4. "Why do we have the temperature set the way it is?"
"Your boss is not the maintenance man. He probably hears people complain several times a day, 'It's hot in here,' 'It's so cold in here.' The only thing it makes him think is: 'Oh my god, grow up!'"
Instead of annoying your boss with facilities issues, reset the temperature yourself or contact your building manager for help, Hovendick suggests. You could also take a survey of your colleagues' "ideal temperature" and make a formal request to have your office kept at a consistent temp year-round.
5. "How long before you retire?"
When you ask this question, you're basically asking, "How long are you planning on staying?" Hovendick says.
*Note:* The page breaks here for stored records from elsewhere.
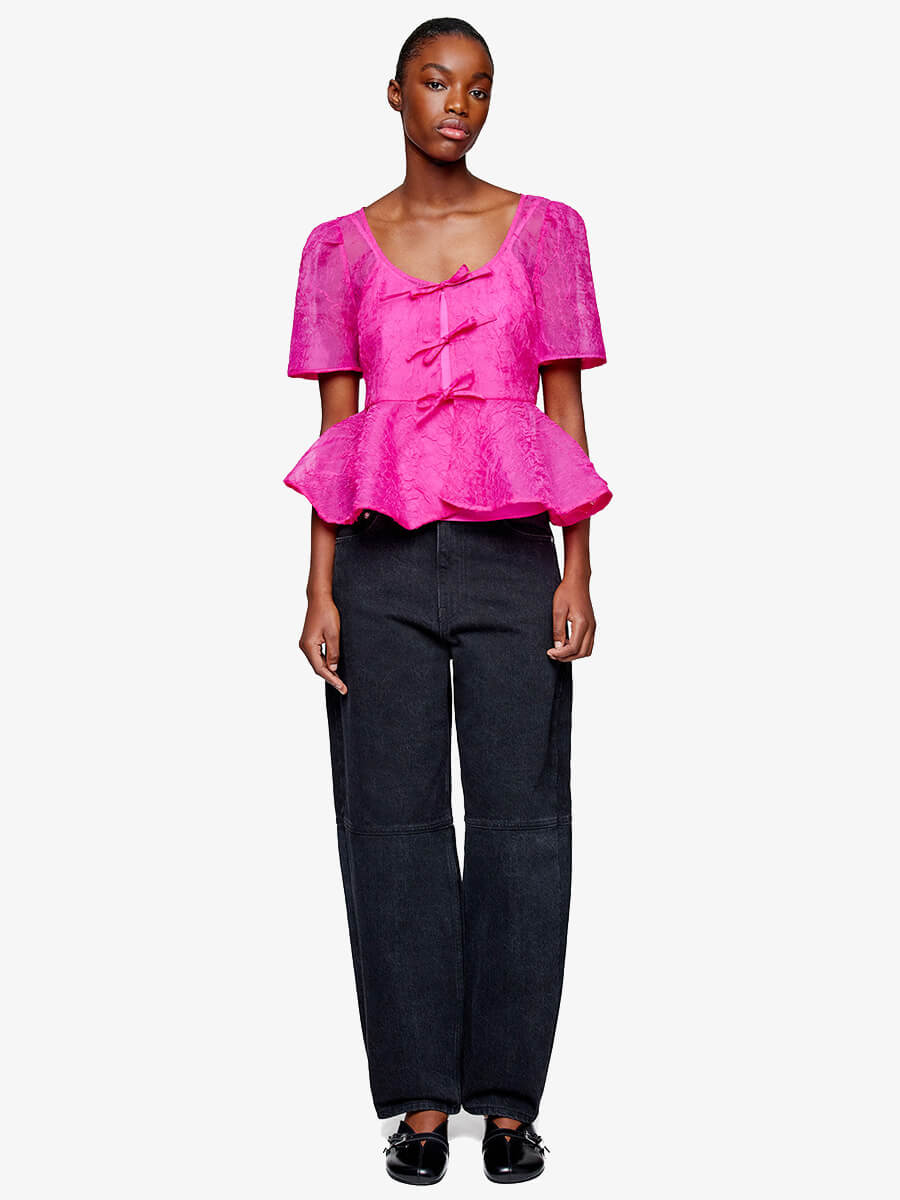 GANNI
Printed Shibori Organza Peplum Blouse - Rasberry Rose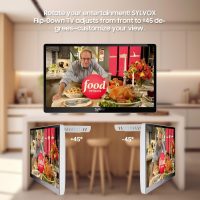 SYLVOX 15.6" Flip-Down TV for Under Cabinet, 12-Volt Small TV with 90-Degree Rotation, Digital Noise Reduction, and Storage Design for Kitchen, Bedroom, RV, and Yacht - Image 2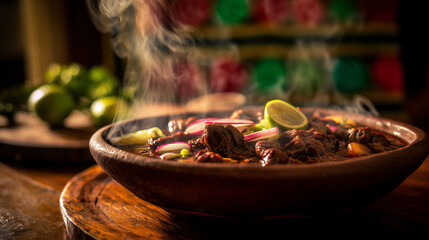 Steaming bowl of pozole with fresh garnishes, set against a rustic table with holiday decorations.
Unfortunately, it's going to make your boss think one of two things: that you're out to get their job or that you think they're too old for the job, and both have serious negatives attached.
"Why do you really need to know that?" Hovendick asks. "They may be trying to retire and they can't, and you're just going to make them sad or frustrated."
6. "Is the office closed on Columbus Day?"
Questions about HR policies are procedures are to be avoided at all times, says Amanda Augustine, job search expert at
"When your manager makes time to speak with you, make it count," Augustine says. "Instead of squandering it away with questions that are below your boss' pay grade, focus on matters that only he or she can answer."
Whether you're new to the company or simply forgot the details of a policy, it's best to direct your questions about holidays, official vacation policies and your benefits to the Human Resources department. Or better yet, consult your company handbook to find the answer, Augustine says.
7. "What type of name tags should we buy?"
"You'll often find that leaders are 'big idea' guys and gals who want to talk about new initiatives in broad strokes. While they may lead the overall strategy of a project, they don't need to be bogged down with little details and cross-functional coordination that will need to take place behind the scenes," Augustine says.
Find out how involved your boss expects to be in the project so that you avoid asking for input on the smaller, more detailed levels of planning. You're more likely to be criticized for being indecisive, rather than praised for your thorough communication.